How to rig an inline method feeder
There are many ways you can rig an inline method feeder. But a simple free sliding rig works very well in most cases. It’s also one of the easiest setups to put together. Since the method feeder is covered with bait it is heavy and adds weight to your rig. So the method feeder works like a sinker. The difference is that this sinker brings in fish. In addition, the bait falls off in the water. So you don’t have the weight on your rig when you reel it in.
Rigging a method feeder on a sliding rig is a lot like tying a Carolina rig, except you replace your lead weight with a method feeder. First, insert your line through the hole or tube in the method feeder and bring it out the other side. Then slide a bead onto your line to protect your knot and act as a sort of shock absorber. Next, tie on swivel. If you’re fishing for carp or catfish, you want something strong like a Spro Power Swivel. On the other end of your swivel tie your leader. Normally you want that string to break before your main line. If you’re fishing for carp, you can just attach a hair rig. Otherwise tie on a length of line and then a hook and you’re ready to go.
You can bait your main hook with something that matches the bait on your feeder. Or as mentioned above, you can change things up. So you could cover your method feeder in bread crumbs then put a worm on the hook. Or you can put a thin mix of doughball on the method feeder then use a thicker mix on your hook. If you’re carp fishing any good carp bait will work in this situation. Boilies and field corn can work particularly good on a method feeder rig. You can either press the baited hook into the bait on the method feeder or let it swing freely at the end of your line.
Fixed method feeders
Fixed method feeders are a little different. They are most often used in Asia for smaller fish like barbs. They often have many small hook attached to the bottom as seen on these Milepetus Drum Type Spring Feeders. The idea is to get a cloud of bait in the water to attract a school of fish. When the fish come in they see small pieces of bait or even just balls of foam on the small hooks and bait them.
Rigging a fixed method feeder is pretty self explanatory. You simply tie your line onto the loop. Using fixed method feeders is a little more complicated. In some areas they could be illegal if they have too many hooks. Another issue is the line used to attach the hooks and even the hooks themselves. These multi-hook rigs are meant for specific applications.

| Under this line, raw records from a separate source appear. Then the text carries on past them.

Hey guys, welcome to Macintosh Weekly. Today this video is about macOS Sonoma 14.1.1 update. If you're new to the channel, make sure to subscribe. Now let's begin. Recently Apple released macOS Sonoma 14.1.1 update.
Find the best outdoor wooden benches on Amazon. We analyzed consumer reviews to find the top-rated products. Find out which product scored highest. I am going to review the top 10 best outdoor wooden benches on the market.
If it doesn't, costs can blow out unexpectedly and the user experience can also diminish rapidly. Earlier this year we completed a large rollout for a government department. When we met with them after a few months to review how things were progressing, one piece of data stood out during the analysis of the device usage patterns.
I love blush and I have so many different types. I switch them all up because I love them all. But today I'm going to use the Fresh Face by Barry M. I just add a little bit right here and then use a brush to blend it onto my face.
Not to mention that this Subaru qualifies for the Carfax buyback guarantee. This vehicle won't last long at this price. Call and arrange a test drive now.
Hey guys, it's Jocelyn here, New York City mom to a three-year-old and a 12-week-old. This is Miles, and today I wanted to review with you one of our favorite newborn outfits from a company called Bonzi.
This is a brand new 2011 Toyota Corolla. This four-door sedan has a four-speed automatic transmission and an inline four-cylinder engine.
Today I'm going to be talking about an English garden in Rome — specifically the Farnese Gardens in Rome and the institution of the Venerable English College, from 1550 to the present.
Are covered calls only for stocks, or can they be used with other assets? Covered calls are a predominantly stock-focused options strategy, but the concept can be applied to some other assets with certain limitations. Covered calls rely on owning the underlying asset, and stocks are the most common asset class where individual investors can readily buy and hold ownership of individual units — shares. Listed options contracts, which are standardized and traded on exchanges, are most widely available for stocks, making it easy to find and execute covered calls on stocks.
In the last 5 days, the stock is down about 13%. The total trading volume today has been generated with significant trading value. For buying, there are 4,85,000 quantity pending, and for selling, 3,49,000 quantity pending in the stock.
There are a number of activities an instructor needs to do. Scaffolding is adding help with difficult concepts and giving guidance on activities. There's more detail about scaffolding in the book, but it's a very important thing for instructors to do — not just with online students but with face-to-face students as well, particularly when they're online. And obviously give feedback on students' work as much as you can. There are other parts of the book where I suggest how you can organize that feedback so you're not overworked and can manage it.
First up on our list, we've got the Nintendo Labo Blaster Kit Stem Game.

There are also fixed line method feeders without hooks like these Fucung Luminous Coil Inline Method Feeders. Using them is much like using an inline feeder, except that they don’t slide on the line. You tie your main line to the loop on one side. Then you tie your hook and leader to the loop on the other.
There are a few problems with these sorts of feeders. The biggest one is the build quality. Even though they are made from metal they can be built in a way that bends or breaks down when you hook a big fish. Any fishing rig is only as strong as its weakest link. I don’t want to lose a fish because a piece of thin metal gave way during the fight. Sliding inline method feeders don’t have this issue as you rely on your line, knots, swivel and hook to hold any fish you catch.
Fixed method feeders are also stuck to a certain point on the line. A sliding method feeder slides down to your swivel when you cast out. Later when the fish takes the hook, the line passes through the method feeder. Since there is not an extra weight dragging things down, the bait seems more free and natural to finicky fish. So for most people in most cases, sliding inline method feeders are superior.
How to bait a method feeder
Using a method feeder is sort of like chumming or baiting the area you are fishing. You can use a number of different baits to do this. Some anglers match the bait on the method feeder to the bait on the hook. Others change things up for variety.
The simplest bait to apply to a method feeder is probably plain bread crumbs. You can also use doughball. One of the best options is to use groundbait or method mix specially designed for fishing, but that can be costly. You can vary the consistency of your bait by adding more or less water. In fast current you want a thick bait that flakes off slowly. In still water, you may want the bait to come off in a cloud as soon as it hits the water.
Whatever bait you choose, the process for baiting the method feeder is pretty much the same. You take a handful of bait and moisten it with water. Then you squeeze the bait around the method feeder. It should stick well enough to be cast. But you do want it to break up in the water so it can bring in fish.
A lot of weighted inline method feeders for carp like those in this Carp Fishing Inline Method Feeder Lead Set on Amazon come with their own baiting tool or mold. With this type of method feeder you first press your bait down into the mold. Then you press the method feeder itself into the cavity. When you pull the method feeder back out, it is already baited.